What is being asked = Repeat every record below exactly, omitting any pictures.

Source information =
# # #

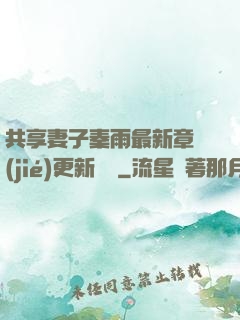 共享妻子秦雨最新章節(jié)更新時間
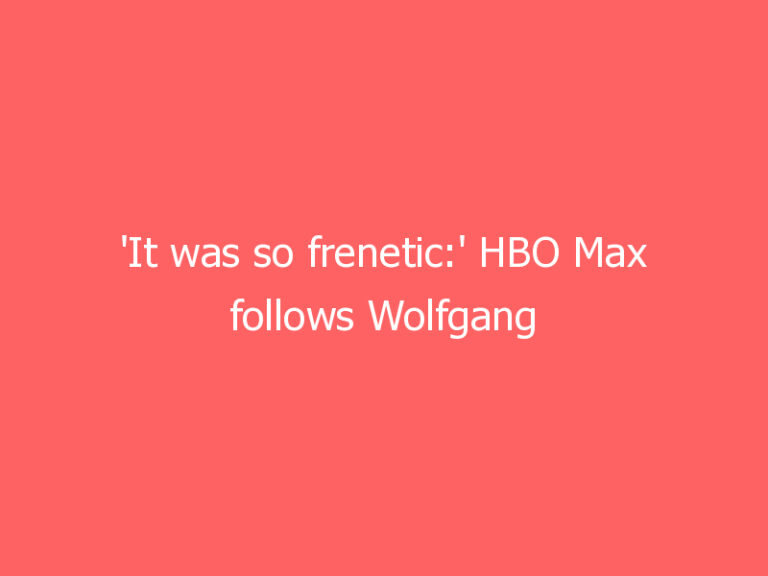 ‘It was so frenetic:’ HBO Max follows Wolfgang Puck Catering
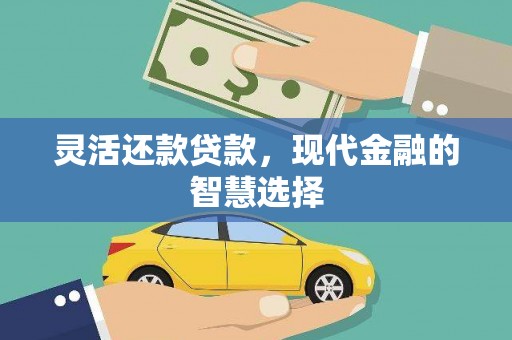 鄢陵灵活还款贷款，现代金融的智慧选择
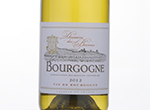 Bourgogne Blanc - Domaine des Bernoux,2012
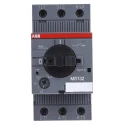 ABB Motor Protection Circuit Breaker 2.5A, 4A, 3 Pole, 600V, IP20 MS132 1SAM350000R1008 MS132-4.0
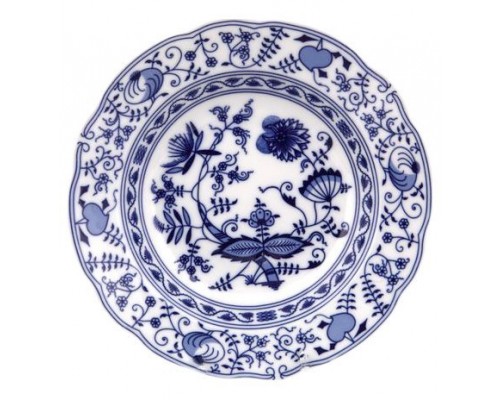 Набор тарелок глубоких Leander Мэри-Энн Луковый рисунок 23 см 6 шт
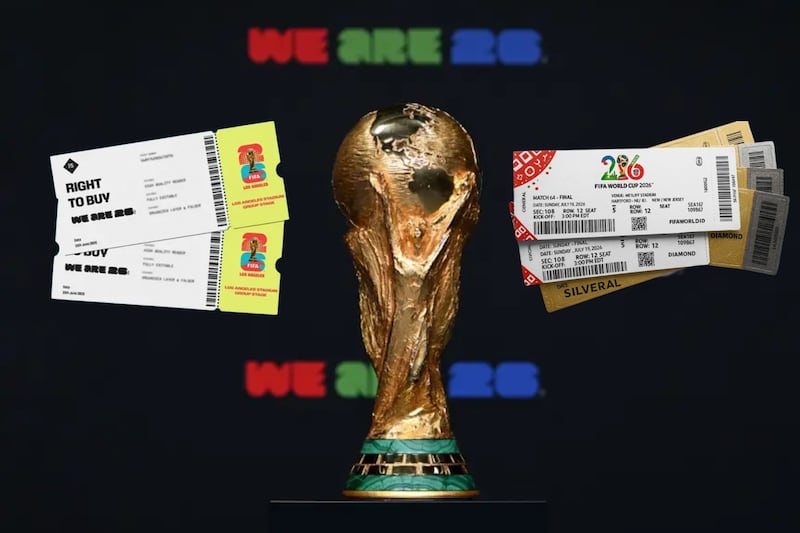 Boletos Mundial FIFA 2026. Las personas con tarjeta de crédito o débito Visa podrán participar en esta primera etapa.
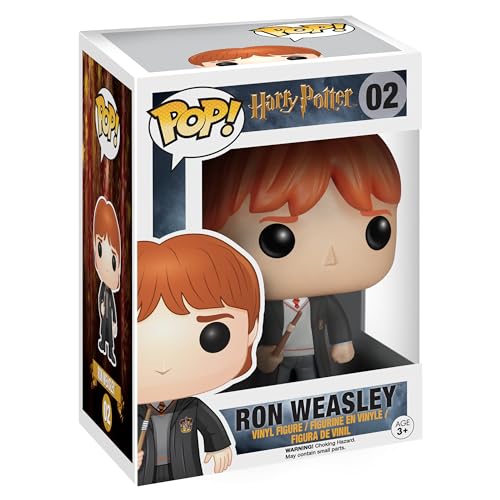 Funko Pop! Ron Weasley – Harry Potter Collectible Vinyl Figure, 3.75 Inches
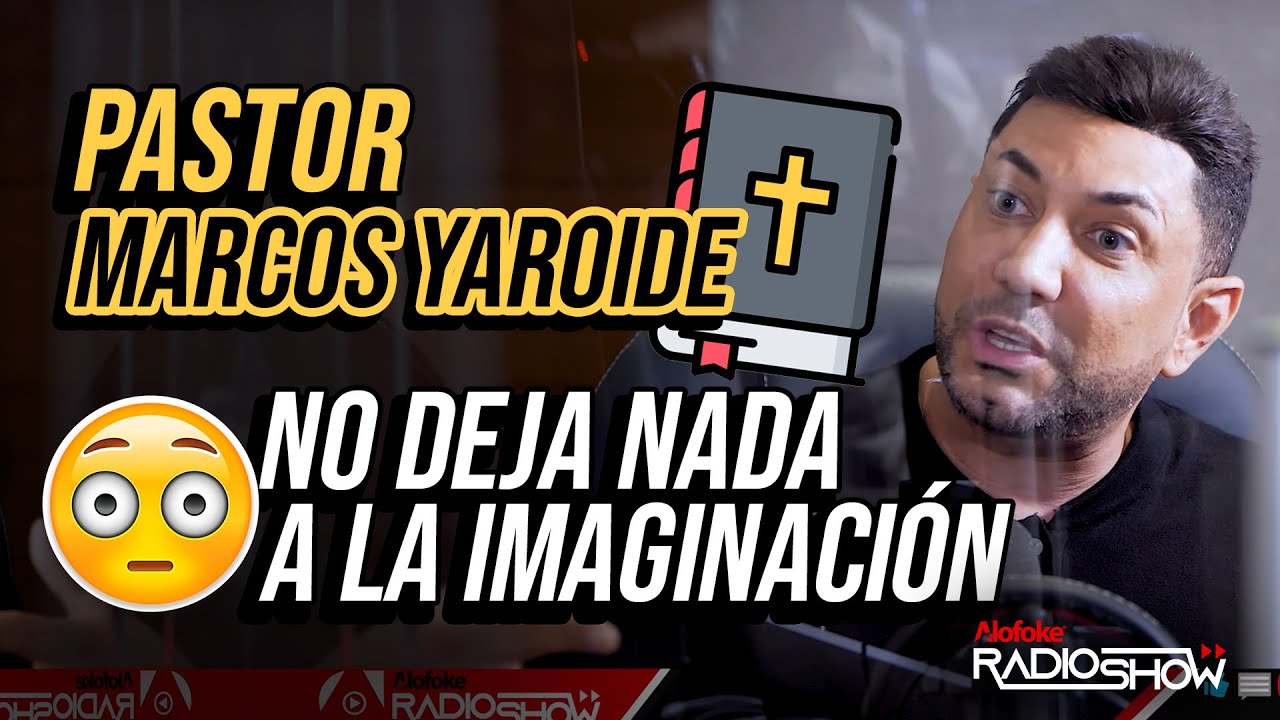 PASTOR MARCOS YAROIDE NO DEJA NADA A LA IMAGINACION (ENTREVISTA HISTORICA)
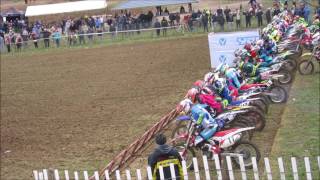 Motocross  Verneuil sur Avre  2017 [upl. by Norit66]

# # #

Task solution =
 共享妻子秦雨最新章節(jié)更新時間
 ‘It was so frenetic:’ HBO Max follows Wolfgang Puck Catering
 鄢陵灵活还款贷款，现代金融的智慧选择
 Bourgogne Blanc - Domaine des Bernoux,2012
 ABB Motor Protection Circuit Breaker 2.5A, 4A, 3 Pole, 600V, IP20 MS132 1SAM350000R1008 MS132-4.0
 Набор тарелок глубоких Leander Мэри-Энн Луковый рисунок 23 см 6 шт
 Boletos Mundial FIFA 2026. Las personas con tarjeta de crédito o débito Visa podrán participar en esta primera etapa.
 Funko Pop! Ron Weasley – Harry Potter Collectible Vinyl Figure, 3.75 Inches
 PASTOR MARCOS YAROIDE NO DEJA NADA A LA IMAGINACION (ENTREVISTA HISTORICA)
 Motocross  Verneuil sur Avre  2017 [upl. by Norit66]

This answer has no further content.